Singapore's edge lies in its good governance, the rule of law, its educated workforce and its respected financial centre and port, he said.
Singapore has also been an "active proponent" of China's growth since its opening-up, and was an early supporter of the China-led Asian Infrastructure Investment Bank, which funds Belt and Road projects.
One Belt, One Road - unveiled by President Xi Jinping in 2013 - seeks to enhance links between Asia, Europe and Africa by building roads, railway and other infrastructure in a network of projects covering more than 60 countries.
Describing it as a "game changer" that is bold, innovative and ambitious, Mr Shanmugam said: "If connectivity improves, people travel, investment flows increase; we will benefit if we are ready and smart."
He cited figures that showed Singapore is already benefiting: 30 per cent of China's Belt and Road investments in all countries are in Singapore. In return, Singapore's investments in China account for 85 per cent of total Belt and Road investments there by all countries.
Mr Shanmugam's speech, at an Asia Competitiveness Institute forum, was the latest in a series of remarks by Singapore's leaders in support of China's bid to recreate the Silk Road.
The Republic was one of three South-east Asian countries whose heads of government did not attend the Belt and Road Forum in Beijing in May, causing some to raise questions about bilateral ties.
But observers say relations are on an even keel, with a June announcement that Chinese Premier Li Keqiang will be visiting Singapore.
In a wide-ranging speech, Mr Shanmugam also placed the Belt and Road Initiative in the context of shifting geopolitics. China, said the former foreign minister, was likely to continue its rise as a superpower, despite domestic problems like corruption and an ageing population. And while the United States has not gone into actual decline, the relative positions of the two countries will change.
One Belt, One Road, a result of China's rise, may well accelerate that rise, he said, noting that China is already the largest trading nation in the world. China is also able to translate plans into reality, given its resources, its ability to muster the nation's will towards a clear goal, and its great leap forward in technology and science, he added.
China's strategic investments abroad have at times created tensions, but they have also helped forge strong ties and are likely to "predispose many countries towards the Belt and Road Initiative".
In contrast, the US has in recent times defined its interests more narrowly, wavering on once fundamental issues like free trade, he noted.
Mr Shanmugam said the shift is understandable, since the US has hitherto been bearing a disproportionate share of security costs. But if it continues, "more countries may find the Belt and Road Initiative to be more attractive".
For China, the initiative is not without risks, he said, as the Silk Road passes through Central Asia, a very "tough" region where other powers - Russia, India, Turkey and Iran - have their own interests.
A key to China's success is to convey benign intentions and to foster trust by working within the international framework, he added.
In this unfolding situation, Singapore's interest is in developing good relations with as many countries as possible and in latching on to One Belt, One Road and other growth opportunities, he said.

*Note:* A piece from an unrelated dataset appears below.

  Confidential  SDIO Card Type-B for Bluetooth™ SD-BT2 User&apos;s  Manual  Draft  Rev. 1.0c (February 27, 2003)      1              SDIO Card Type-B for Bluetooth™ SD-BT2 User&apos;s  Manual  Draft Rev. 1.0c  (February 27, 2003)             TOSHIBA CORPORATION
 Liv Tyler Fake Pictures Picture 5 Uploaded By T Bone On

"The world can pass us by in an instant... We need to keep... finding new ways to add value," he said.
Singapore has to work hard to meet competition that will arise, such as from neighbouring ports built to challenge Singapore's ports, he said.
As a small state, Singapore is a price-taker. But if it gives in to bigger states, it will lose its sovereignty.
Said Mr Shanmugam: "If we allow ourselves to be bullied or seduced by bigger powers, that can break or severely stress our own domestic social compact, which is built on multiracialism. Once broken, it will be difficult, if not impossible, to put together this compact again."